## Exercise aim
Starting at the line that contains "فروش سمند ال", quote every line through the end of the entries, word for word, skipping the pictures.

Dataset excerpts
┏━━

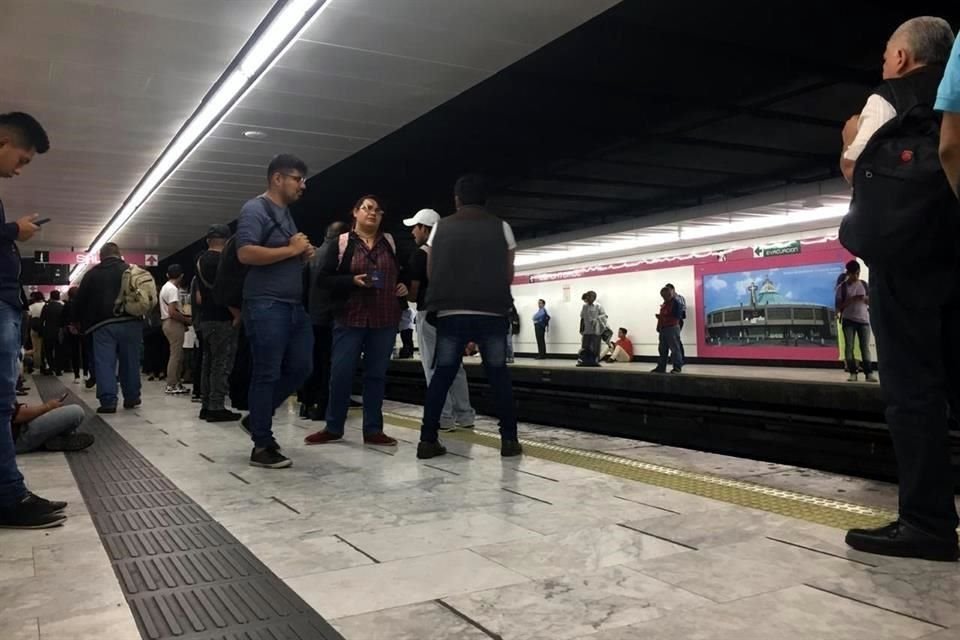 El Sistema de Transporte Colectivo Metro reportó una disminución del 33 por ciento de la basura recolectada en las instalaciones.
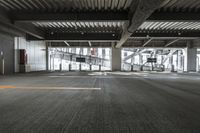 City Parking Deck: A Concrete Building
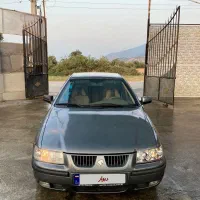 فروش سمند ال ایکس دوگانه مدل ۸۷|خودرو سواری و وانت|ساری, |دیوار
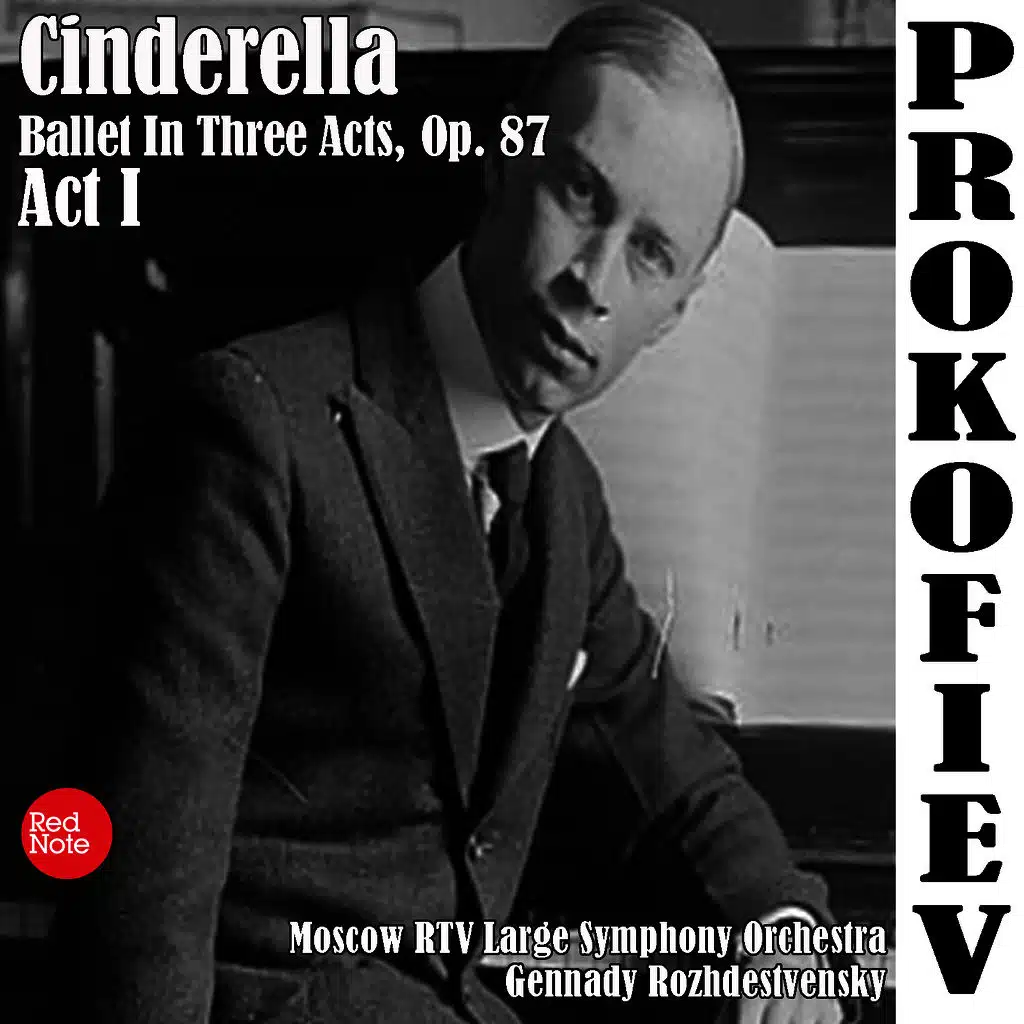 Cinderella - Ballet In Three Acts, Op. 87: Act 1 - No. 10 Gavotte (Allegretto)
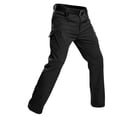 thumbnail image 4 of VKOYWKM Men's Tactical Pants Fleece Lined Cargo Pant Water Resistant Tactical Pant Ripstop Outdoor Work Hiking Pant with Pockets, 4 of 9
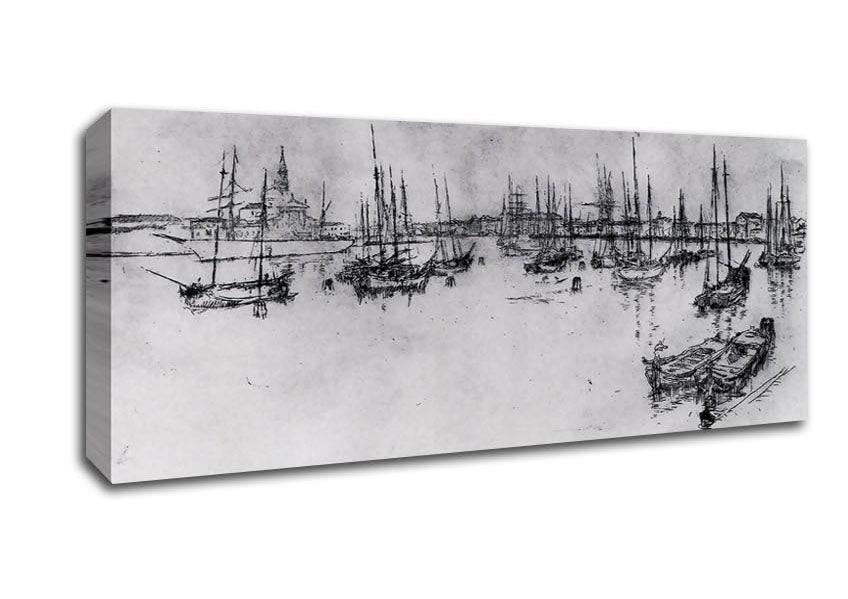Picture of Whistler San Giorgi Panoramic Canvas Wall Art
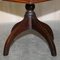 Victorian Sheraton Revival Mahogany & Satinwood Revolving Book Side End Table 3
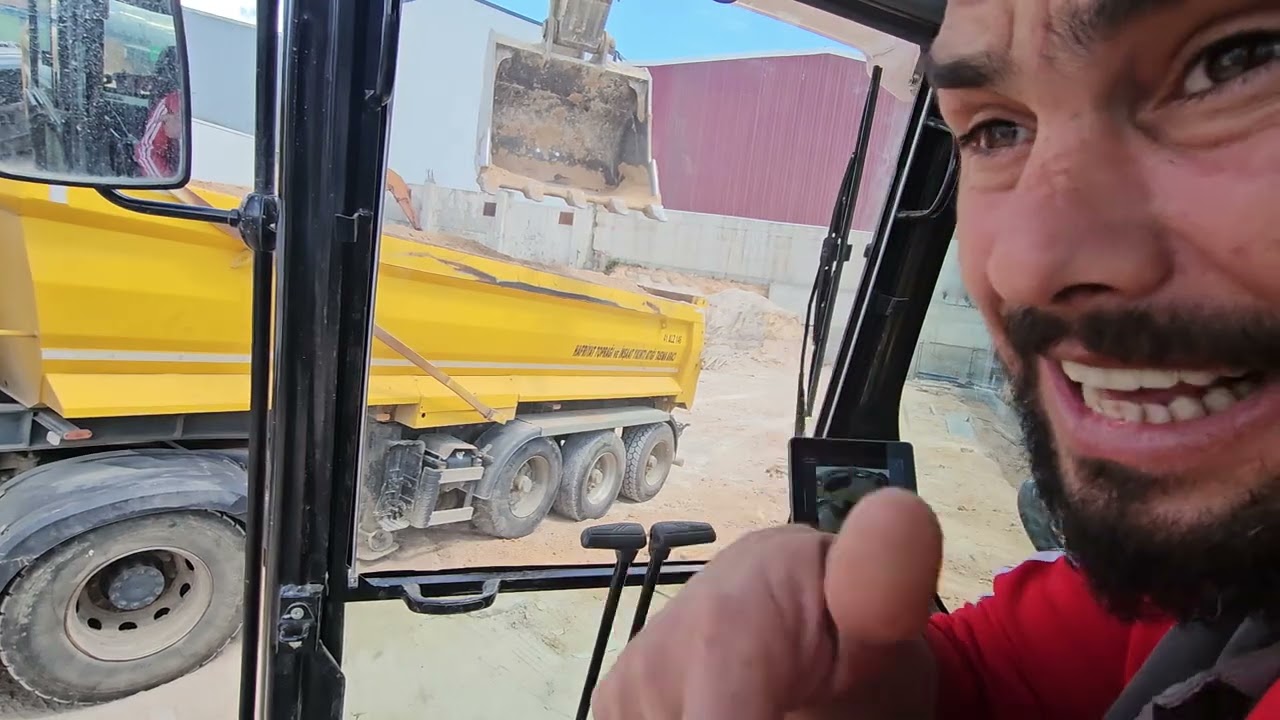 Makina kovayı yere basıp sağa sola atma nasıl olur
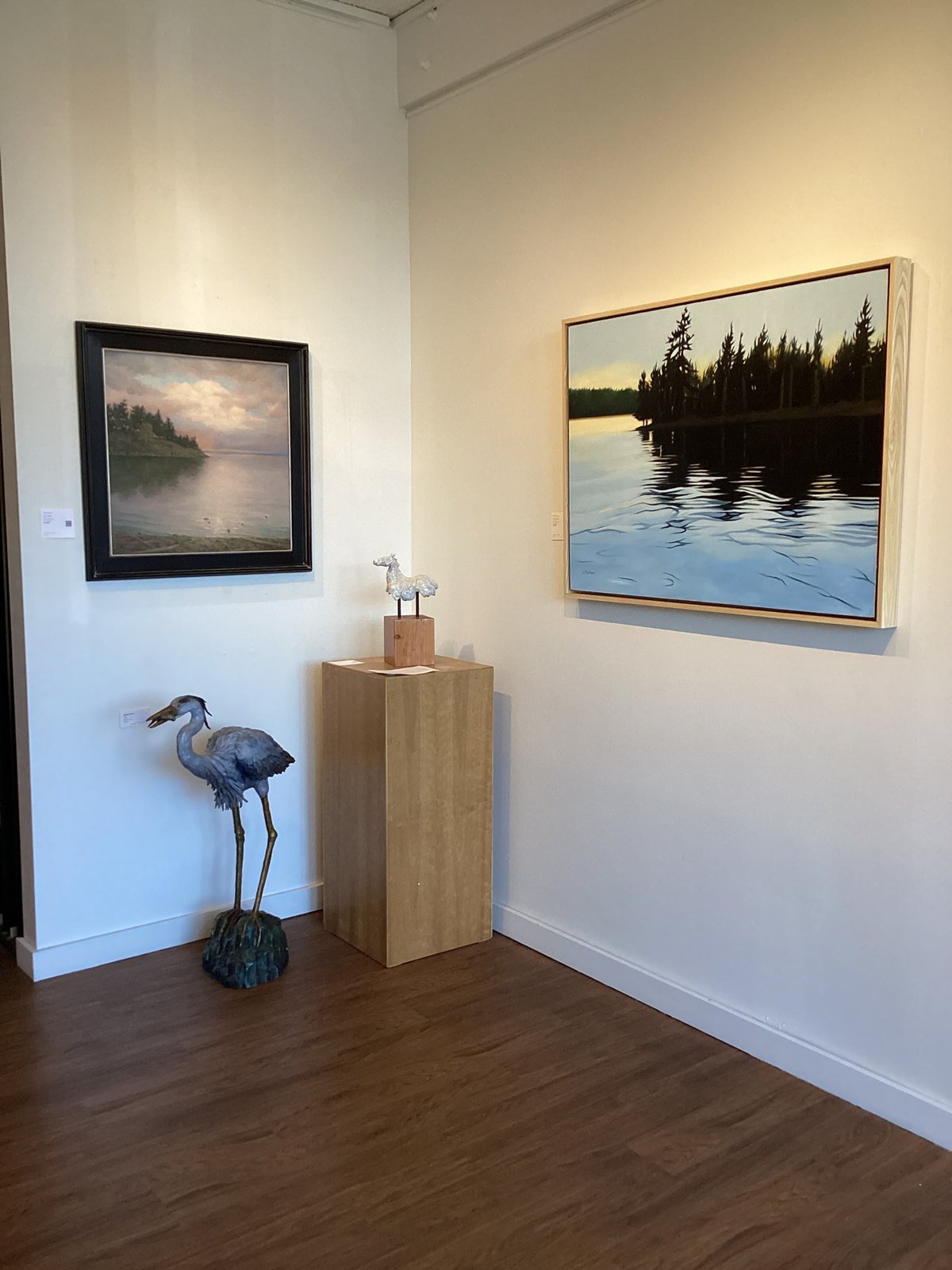 Installation view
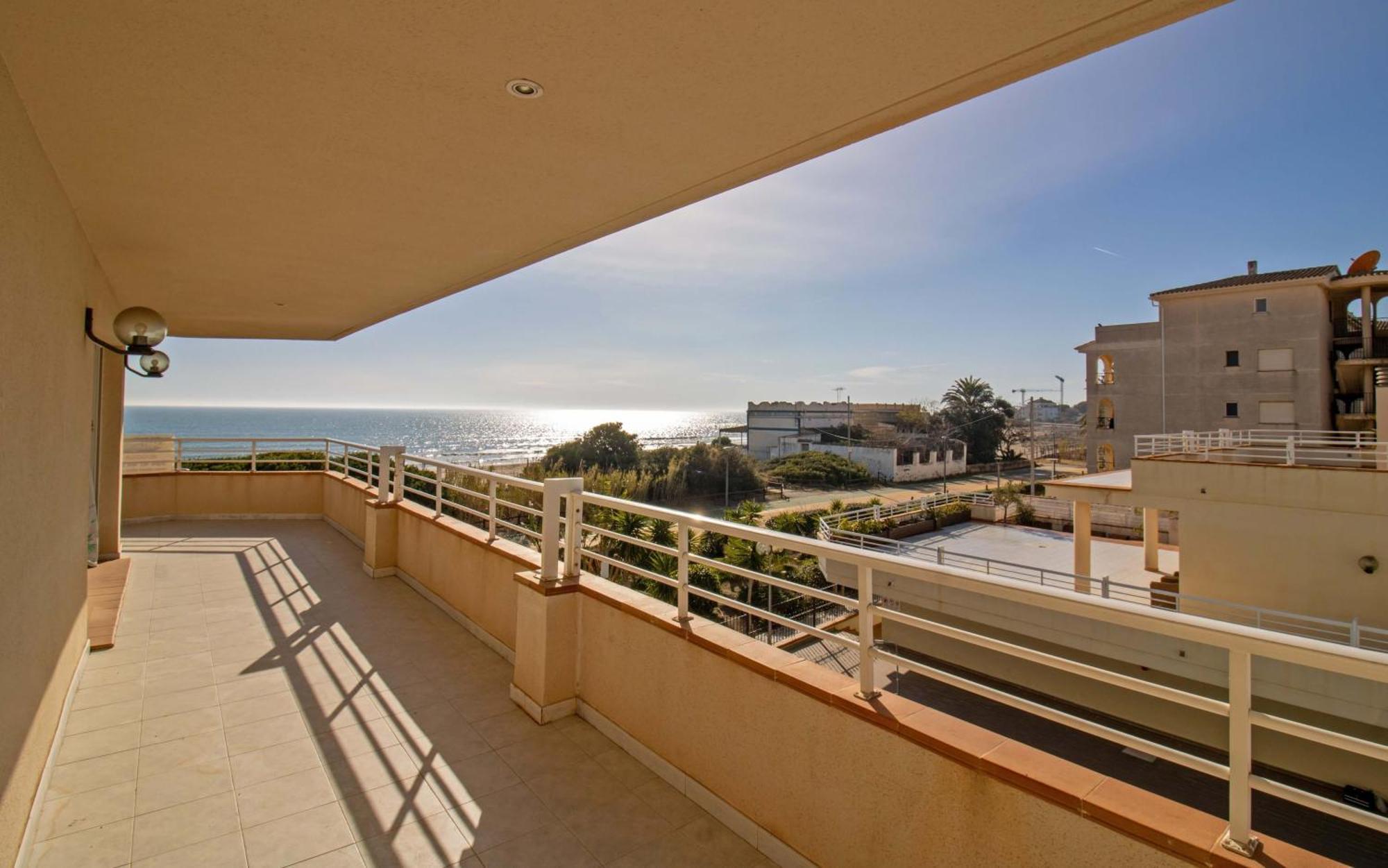 APARTAMENTO FRONTAL AL MAR CALA MONTERO Albert Villas Alcossebre Exterior foto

┗━━

## Result of the task
 فروش سمند ال ایکس دوگانه مدل ۸۷|خودرو سواری و وانت|ساری, |دیوار
 Cinderella - Ballet In Three Acts, Op. 87: Act 1 - No. 10 Gavotte (Allegretto)
 thumbnail image 4 of VKOYWKM Men's Tactical Pants Fleece Lined Cargo Pant Water Resistant Tactical Pant Ripstop Outdoor Work Hiking Pant with Pockets, 4 of 9
Picture of Whistler San Giorgi Panoramic Canvas Wall Art
 Victorian Sheraton Revival Mahogany & Satinwood Revolving Book Side End Table 3
 Makina kovayı yere basıp sağa sola atma nasıl olur
 Installation view
 APARTAMENTO FRONTAL AL MAR CALA MONTERO Albert Villas Alcossebre Exterior foto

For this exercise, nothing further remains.